▶ **What you will do**: Leaving out every picture, copy the lines of the material below exactly, from the line containing "Продам двухкомнатную (2-комн.)" through the line containing "rolex explorer 2017".

▶ **Records supplied**:
=== Section Start ===
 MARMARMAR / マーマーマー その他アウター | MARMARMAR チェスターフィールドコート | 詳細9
=== Section End ===
=== Section Start ===
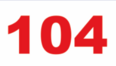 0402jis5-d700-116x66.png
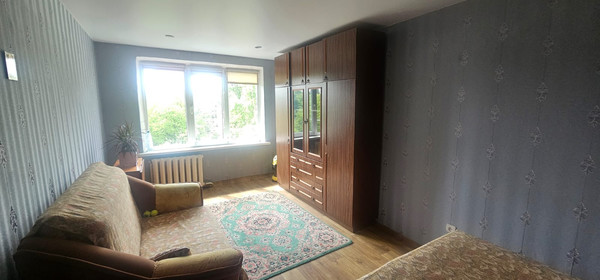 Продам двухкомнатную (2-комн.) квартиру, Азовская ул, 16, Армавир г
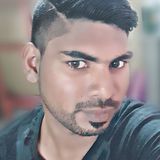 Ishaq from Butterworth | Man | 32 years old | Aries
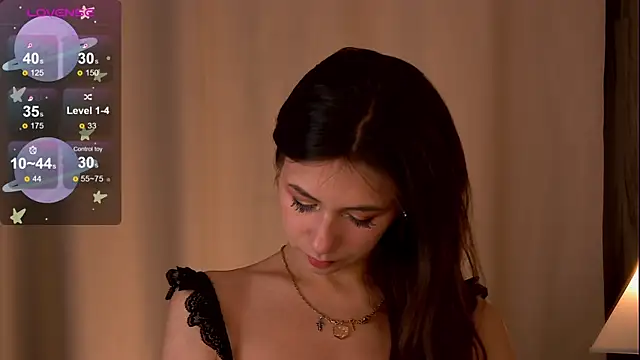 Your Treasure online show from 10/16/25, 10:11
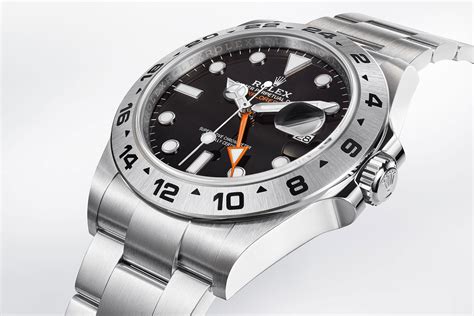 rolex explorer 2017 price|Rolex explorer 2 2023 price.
=== Section End ===
▶ **Completed exercise**:
 Продам двухкомнатную (2-комн.) квартиру, Азовская ул, 16, Армавир г
 Ishaq from Butterworth | Man | 32 years old | Aries
 Your Treasure online show from 10/16/25, 10:11
 rolex explorer 2017 price|Rolex explorer 2 2023 price.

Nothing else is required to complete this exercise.